The content is accurate at the time of publication and is subject to change.

A security freeze is a prevention tool available for use to protect yourself against identity theft. What it does is provide consumers with an opportunity to lock access to their credit file which prevents any outsiders from being able to utilize their identity to open a new account or apply for credit. Your files will remain frozen for as long as you wish, until you decide to lift the restriction. Placing a security freeze upon your credit account has no bearing on your overall credit score.

If anyone attempts to apply for credit by fraudulently using your name and there exists a security freeze on your information, the false application will be denied by the creditor, resulting in a thwarted identity theft attempt.

Identity theft is a potentially devastating financial crime that is rapidly growing in popularity. Although there are protective measures against identity-related fraud put into place by merchants, businesses, credit card companies and government agencies, it is not always adequate and thieves manage to commit around 8 million identity-related crimes within the United States alone on an annual basis.

Basically, a security freeze is designed to stop credit reporting agencies from releasing any portion of your credit report or personal information without first obtaining your consent. When you enact a security freeze upon your account, you will be issued a special password or unique ID number to use in order to authorize a temporary release of your credit report for a specific time period or to a specific inquirer once the freeze is in place. A security freeze is most effective when it is put into place at all of the three major credit bureaus, Experian, Equifax and TransUnion.

In general, a freeze is not applicable to situations wherein a creditor with whom you have an existing relationship with requests a copy of your credit report. Likewise, should one of your existing creditors or an agent or affiliate thereof need access to your credit file for specific types of account review, fraud control, collection or something similar, it will be granted regardless of the freeze.
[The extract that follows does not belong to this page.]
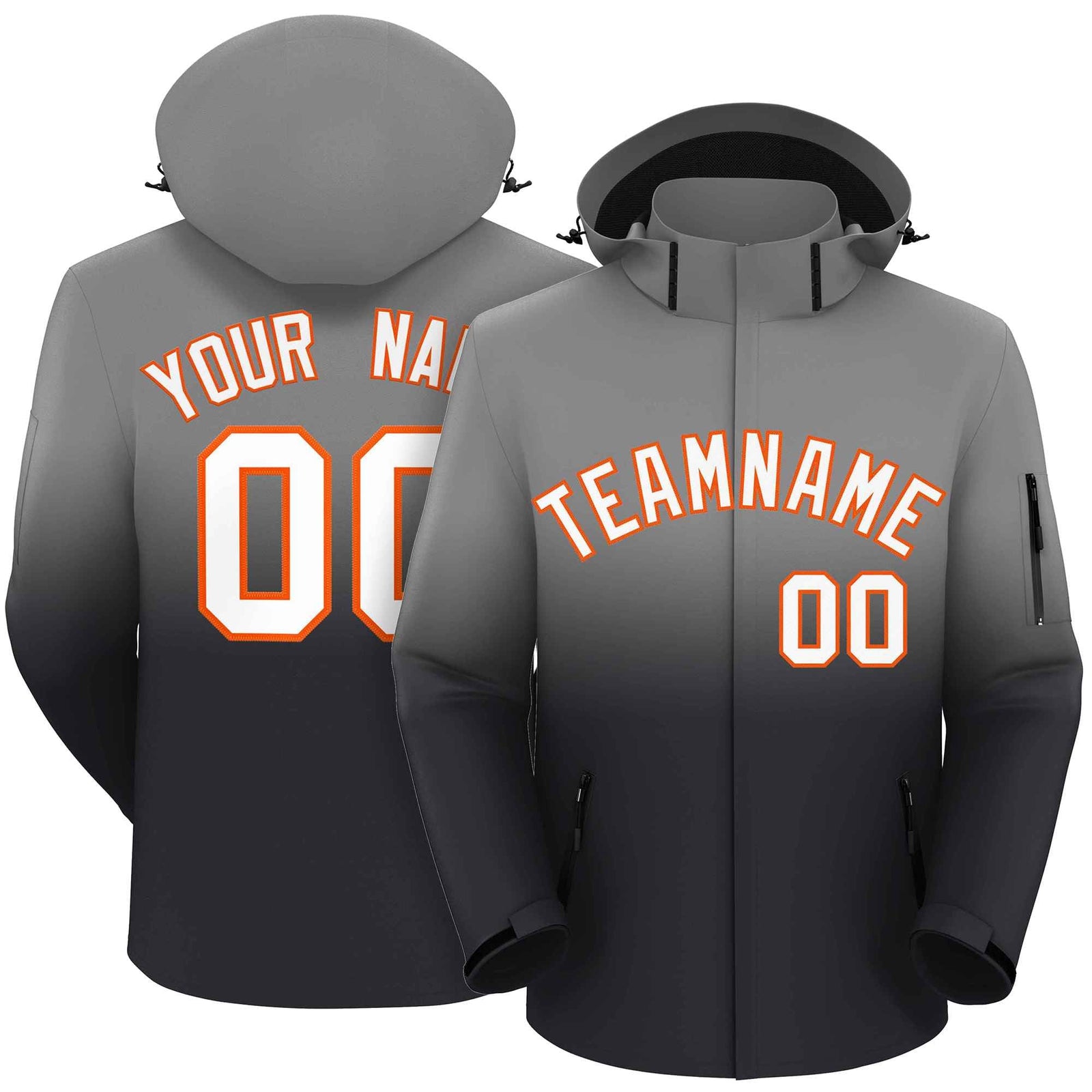 Custom Gray Dark Gray Gradient Fashion Outdoor Hooded Waterproof Jacket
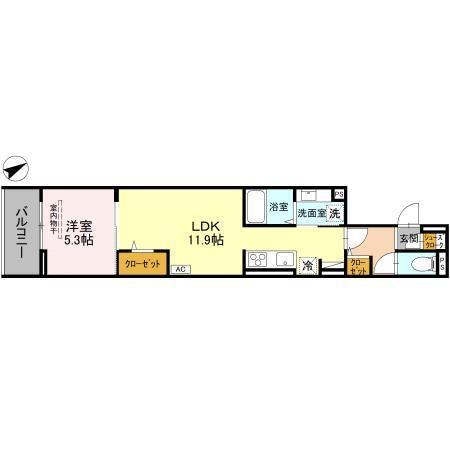 (仮称)D-ROOM中町PJ　Ⅲ（202） 間取り図画像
Implementing a security freeze against your account can possibly delay, prohibit or otherwise interfere with any applications for credit, loans, a mortgage, etc. that you submit yourself. If you wish to seek credit while there is a security freeze in place upon your credit file, you should make sure to lift it before submitting an application to ensure a timely reponse. If you will be applying for credit from multiple issuers, it may be a good idea to lift the freeze entirely. Otherwise, you can always opt to lift the freeze for the specific creditor from whom you are requesting credit.